L’archeologia pugliese si racconta

Gli oltre 600 reperti esposti coprono una linea temporale che dall’VIII secolo a.C. giunge fino all’epoca dell’imperatore Augusto

Un momento dell’installazione multimediale site specific «Chronos» al Castello Svevo di Bari
Graziella Melania Geraci |  | Bari

Il Castello Svevo ospita, dal 5 dicembre al 31 marzo, la mostra «Antichi Popoli di Puglia. L’archeologia racconta», a cura di Massimo Osanna e Luca Mercuri e prodotta interamente dal Ministero della Cultura, dalla Direzione Generale Musei, che ne è ideatrice, e dalla Direzione Regionale Musei Puglia. Oltre 600 i reperti esposti che coprono una linea temporale che dall’VIII secolo a.C. giunge fino all’epoca dell’imperatore Augusto.
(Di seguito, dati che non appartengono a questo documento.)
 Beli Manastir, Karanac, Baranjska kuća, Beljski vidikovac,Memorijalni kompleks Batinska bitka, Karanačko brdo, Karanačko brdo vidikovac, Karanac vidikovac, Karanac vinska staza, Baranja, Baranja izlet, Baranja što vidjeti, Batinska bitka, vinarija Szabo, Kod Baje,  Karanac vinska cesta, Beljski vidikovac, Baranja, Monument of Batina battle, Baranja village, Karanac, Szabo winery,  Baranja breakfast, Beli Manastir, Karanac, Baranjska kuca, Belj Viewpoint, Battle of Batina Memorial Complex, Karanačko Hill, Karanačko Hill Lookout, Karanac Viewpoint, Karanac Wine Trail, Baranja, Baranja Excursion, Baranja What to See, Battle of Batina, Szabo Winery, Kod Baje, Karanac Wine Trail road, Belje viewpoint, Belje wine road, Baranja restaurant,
Gli oggetti, provenienti dai musei della Direzione Regionale Musei Puglia, della Direzione Regionale Musei Basilicata, dal Museo Archeologico Nazionale di Taranto, di Egnazia, da musei civici e regionali e dai depositi delle Soprintendenze, sono la testimonianza della varietà culturale territoriale locale e di come si sia incontrata con il mondo romano.
Una veduta della mostra «Antichi Popoli di Puglia» al Castello Svevo di Bari
L’esposizione «riunisce in un solo percorso i contesti e le opere più significative dell’archeologia pugliese, commenta il direttore generale Musei Massimo Osanna. L’allestimento diventa altresì occasione per evidenziare, anche con la presenza di opere usualmente non esposte, la pluralità di culture avvicendatesi nel territorio, attraverso una narrazione che ne valorizza i caratteri peculiari». Il racconto archeologico viene affiancato dall’installazione multimediale site specific «Chronos» che raccorda due sezioni della mostra: nei video e nei suoni prendono vita i conflitti, la guerra, la morte e la rinascita di un tempo caratterizzato da conquiste e nuovi assetti che si fondono con i precedenti.

Nella sala Bona Sforza si avvicendano le rappresentazioni dei corpi dei giovani lottatori in allenamento, modelli del vasellame dei corredi funebri, e ambientazioni architettoniche accompagnate da un lamento funebre in griko, mentre le immagini dei resti archeologici di Egnazia si «impastano» su tre tappeti realizzati in cocciopesto.